Joseph A. Loya, O.S.A.
Villanova University
Villanova, Pennsylvania
Readings
1 Kgs 19:4-8
Ps 34:2-3, 4-5, 6-7, 8-9
Eph 4:30–5:2
Jn 6:41-51
I begin with a personal confession: The Gospel of John is the most difficult of the four Gospels for me to comprehend. As with many other Scripture readers, I more easily and quickly take to the swirling, colorful and noisy action scenes that characterize the Gospel of Mark. Luke painted beautiful and solemn word tableaus in mind and heart (especially beloved are his scenes related to the Christmas story). To read Matthew is to sit upon a mount at the feet of the Greatest Teacher, One Who instructs through references to familiar examples from daily life. In John’s Gospel one encounters significant and profound extended discourses employing powerful – and challenging – symbols and metaphors.
Today’s passage is set in the synagogue at Capernaum. Some of Jesus’ disciples were included amid the general audience that listened to His preaching. It is a scene which itself is set in the Gospel of John shortly after Our Lord fed 5000 people with five loaves of bread and two fish, followed by His walking on water to the western side of the Sea of Galilee. Crowds pursued Him by boat to search Him out. His words in Capernaum encompass a teaching known as “The Bread of Life.” The ones whom Our Lord is addressing were stymied by His words of Good News; certainly, they were not yet ready to realize that they were in the presence of the “Logos,” the “Good Word” that Jesus WAS in His being. Upon hearing His words, “I am the bread that came down from heaven,” the confounded and unsettled listeners raised questions among themselves that seemed to them completely natural and thus appropriate: Before He says anything more, is this not a man we know? Is this not the man we know by the name of Jesus? Do we not know from whence He came? Do we not know that His father’s name is Joseph? Do we not also know His mother?
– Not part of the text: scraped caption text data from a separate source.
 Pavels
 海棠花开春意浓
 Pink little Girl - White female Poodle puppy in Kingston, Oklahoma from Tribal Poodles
How then can He say, “I have come down from heaven”?
A preeminent Christian orator of the 4th to early 5th centuries, Saint Archbishop John Chrysostom (Chrysostom means “golden-mouthed,” owing to his preaching prowess), urged hearers of today’s Gospel to realize that in this very type of natural questioning, members of Jesus’s audience revealed their openness to receiving spiritual and saving supernatural truth. (Were they to simply ignore Him and go about their business, no Good News could be received.) Before the reception of His spiritual truth, all such natural questioning must cease, thus Our Lord’s command, “Stop murmuring among yourselves.” Then Christ speaks His Message and His Truth:
No one can come to me unless the Father who sent me draw him, and I will raise him on the last day…..
Your ancestors ate the manna in the desert, but they died….
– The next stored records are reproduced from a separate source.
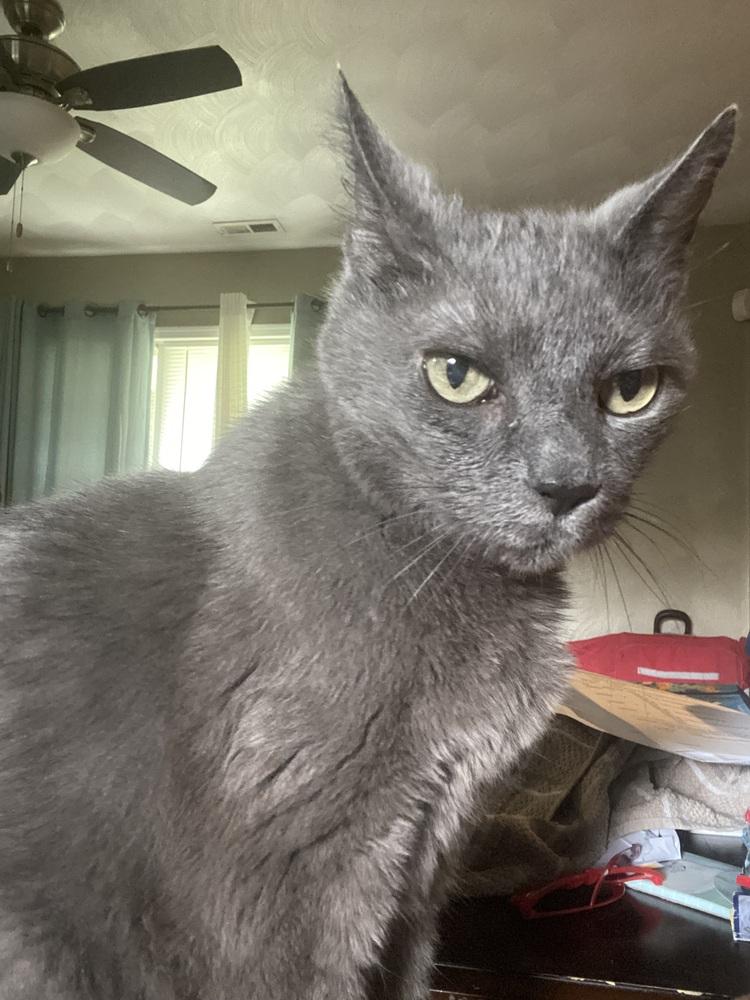 Isabella, a Adoptable Domestic Short Hair in Virginia Beach, VA image 2/3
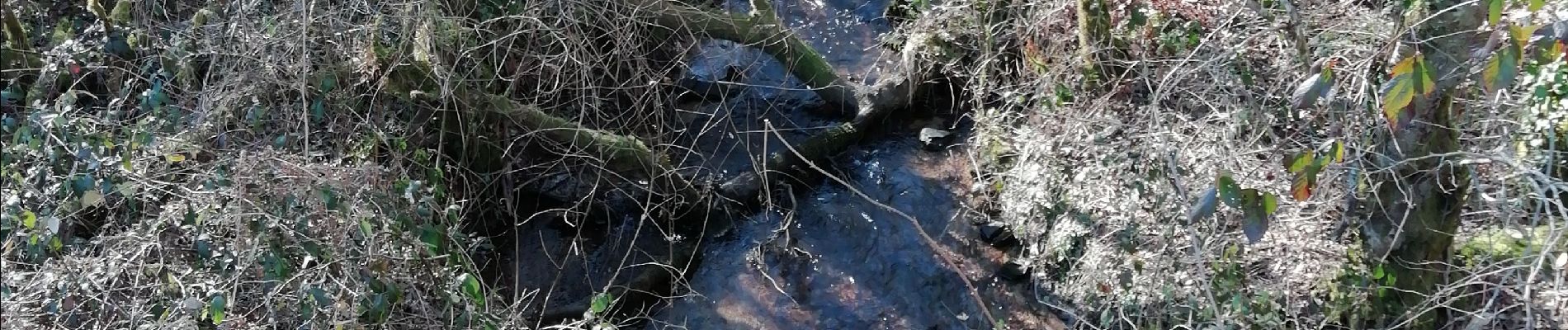 Tour Wandern Champagnac-la-Rivière - les feuillardiers - Photo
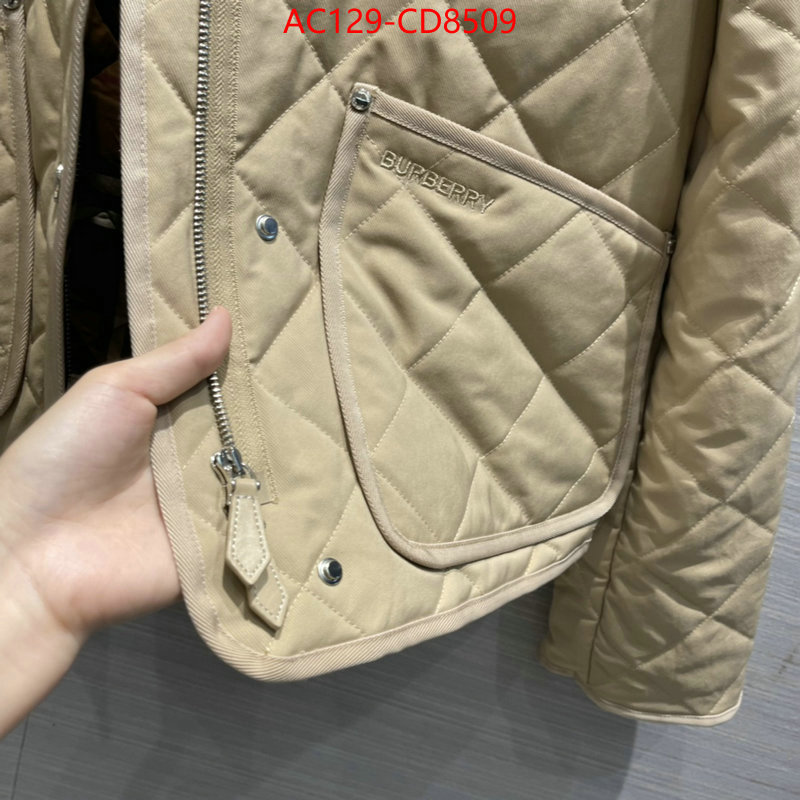 Down jacket Women-Burberry,high-end designer , ID: CD8509,$: 129USD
I am the [spiritual] living bread that came down from heaven; whoever eats this bread will live forever;
and the bread that I will give is my flesh for the life of the world.
Please be aware that in a verse that soon follows today’s appointed verses, John conveys that many of His own disciples (!) said among themselves, “This saying is hard; who can accept it?”
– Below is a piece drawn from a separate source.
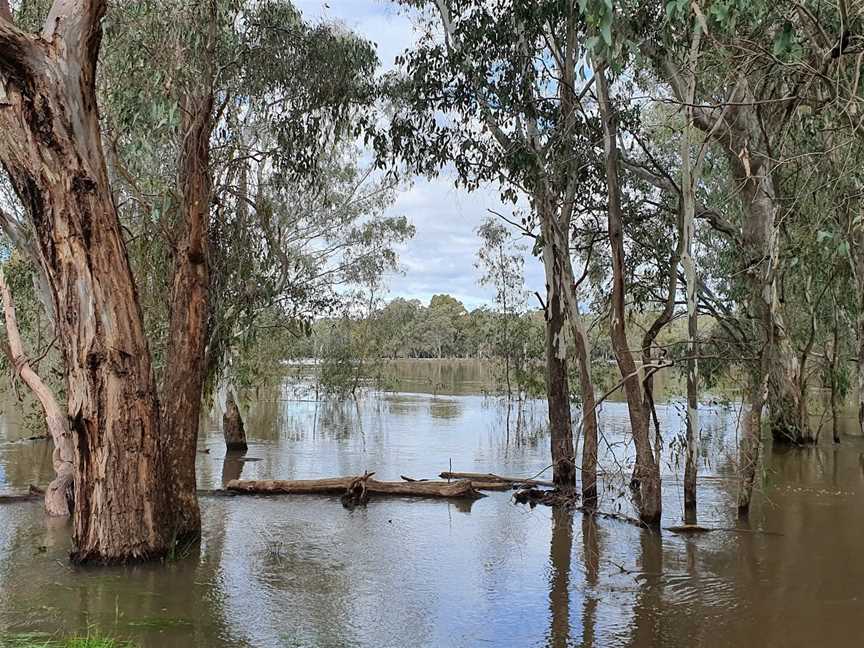 Reedy Creek, Eldorado, VIC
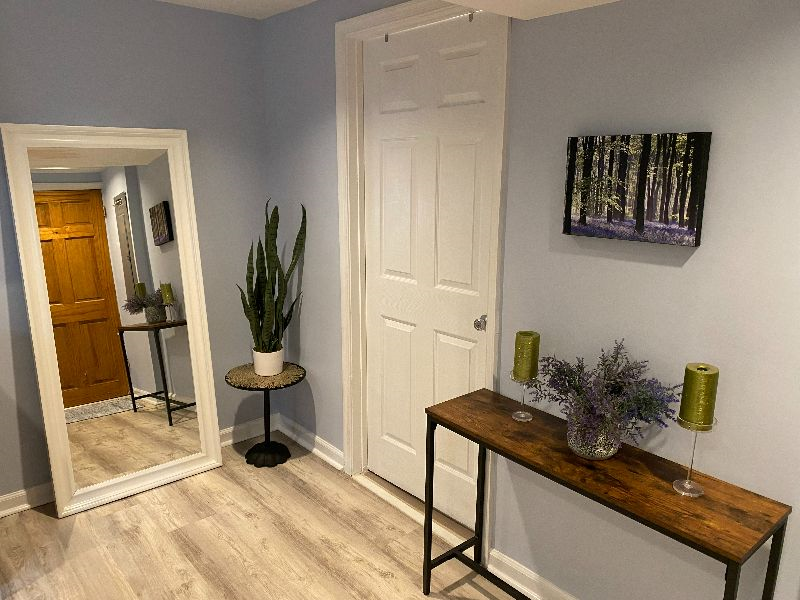 2022 4726 St NW - Renovated BSM Apt w/separate HVAC, unit, W/D - Photo 7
Again, from the sainted golden-mouthed Archbishop: “He calls Himself the bread of life, because He maintains our life both which is and which is to be, and says, Whosoever shall eat of this bread shall live forever. By bread He means here either His saving doctrines and the faith which is in Him, or His own Body.”
From our present post-Resurrection, baptized-in-faith station, we can hear and appreciate, plus offer thanksgiving as we do in every Mass, that Jesus’ Self-identification as the Bread of Life refers to the Holy Communion we receive for the restoration and transformation of humanity and all of creation. Thus, through faith, the subject of Christ’s “hard saying” in the synagogue - The Bread of Life - is His True Eucharistic Presence and our nourishment unto eternal glory. As the Responsorial Psalm bids, let us “taste and see the goodness of the Lord.”